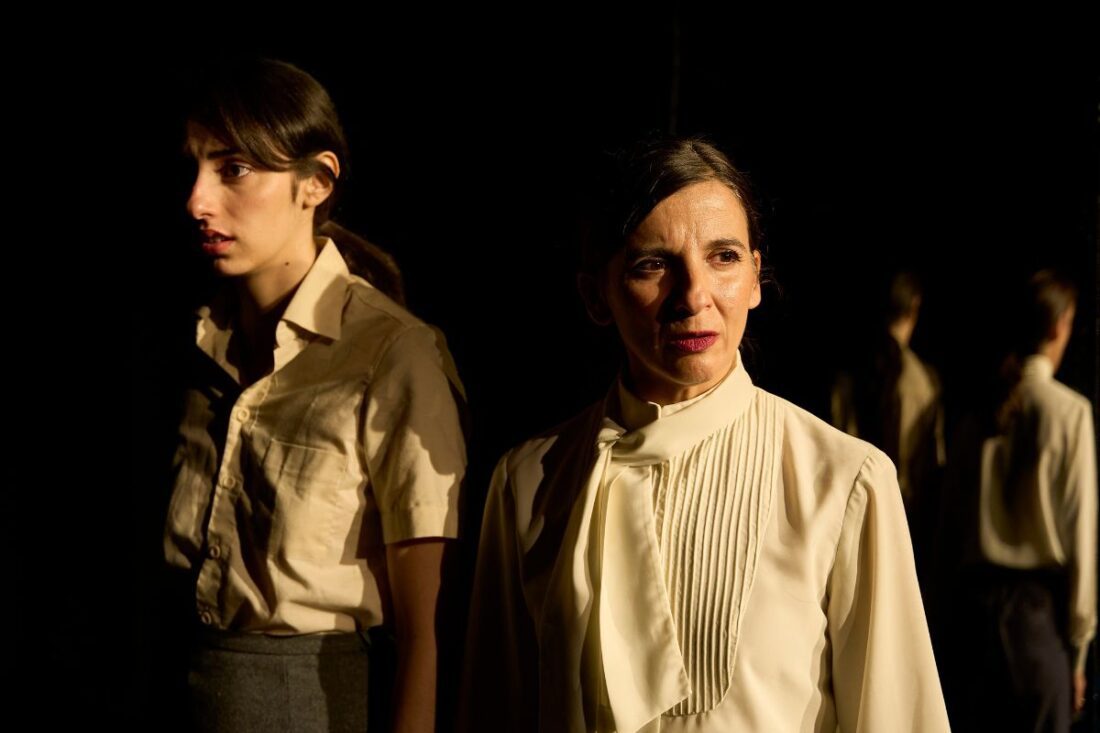 Duermen bajo las aguas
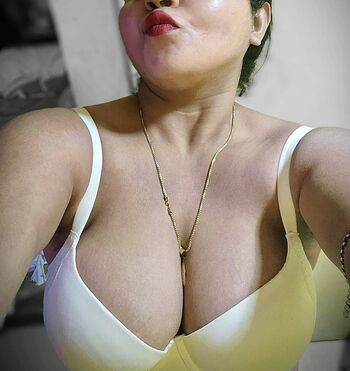 Full leaked Indian naughty stuff page private onlyfans photo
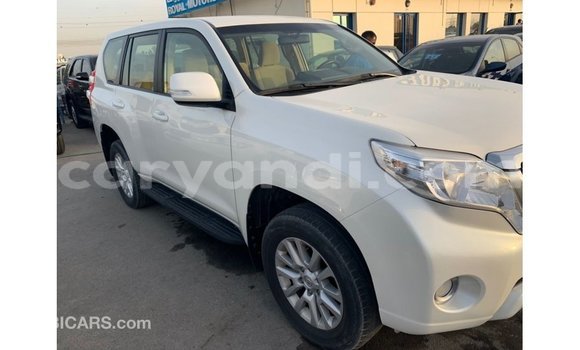 Acheter Import Voiture Toyota Prado Blanc à Import - Dubai, Zambie Acheter Import Voiture Toyota Prado Blanc à Import - Dubai, Zambie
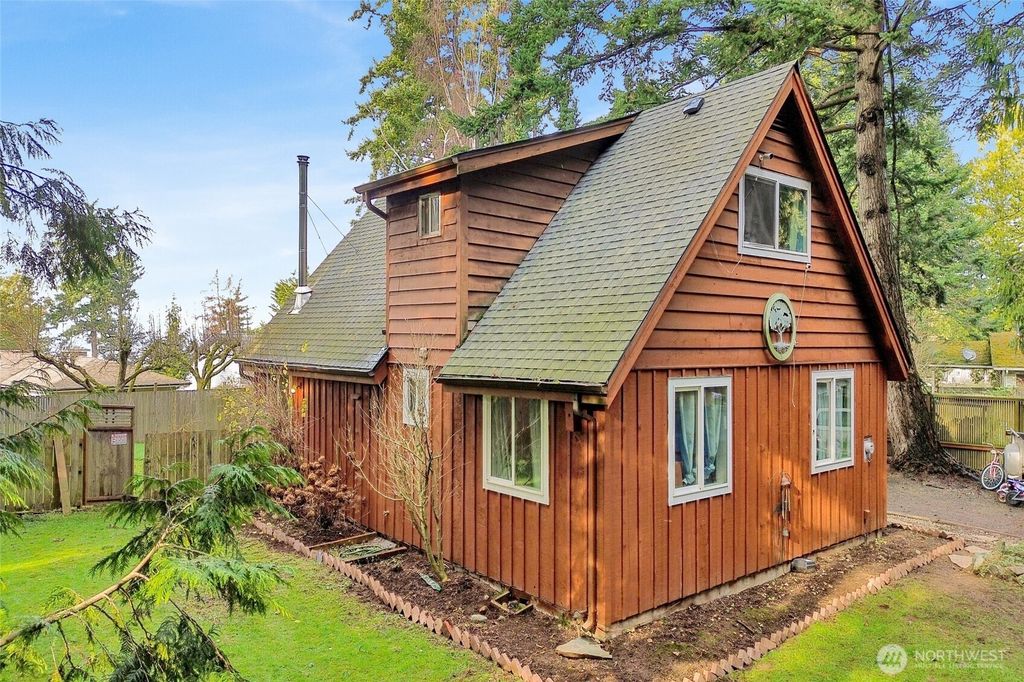 2873 Haxton Way, Bellingham, WA 98226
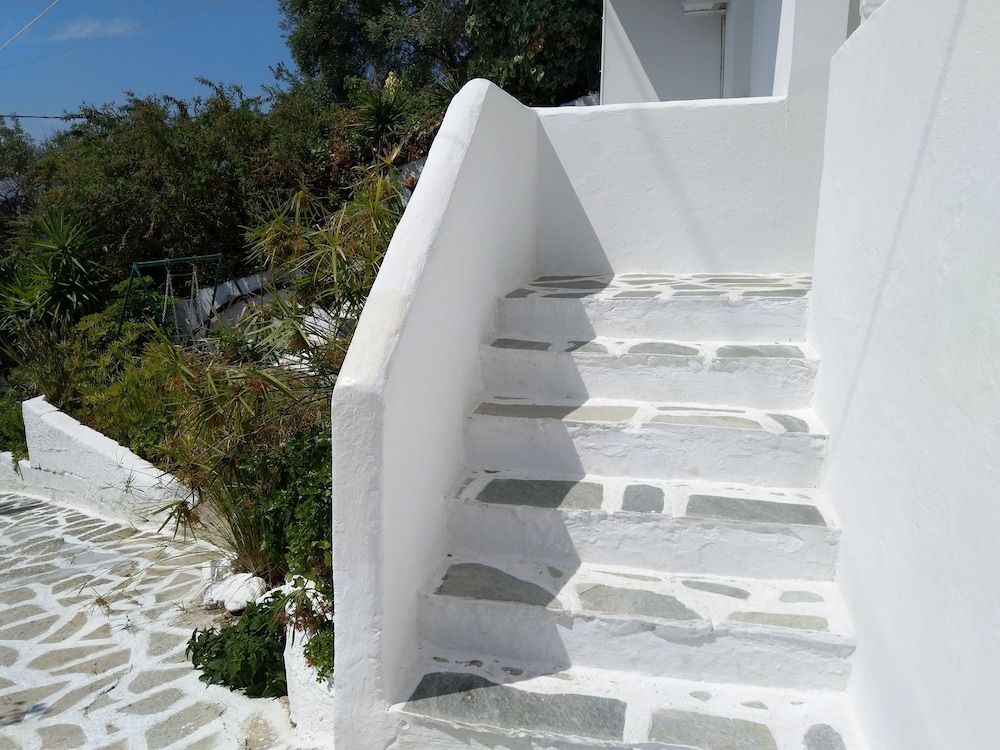 AMARANTHOS SKIATHOS VIEW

━━━━━━━━━━━━━━━━━━━━━━━━━━━━━━

*Goal of the exercise*
Restate word for word each line from the one containing "Full leaked Indian" through the end of the material, pictures excluded.

*Exercise response*
 Full leaked Indian naughty stuff page private onlyfans photo
 Acheter Import Voiture Toyota Prado Blanc à Import - Dubai, Zambie Acheter Import Voiture Toyota Prado Blanc à Import - Dubai, Zambie
 2873 Haxton Way, Bellingham, WA 98226
 AMARANTHOS SKIATHOS VIEW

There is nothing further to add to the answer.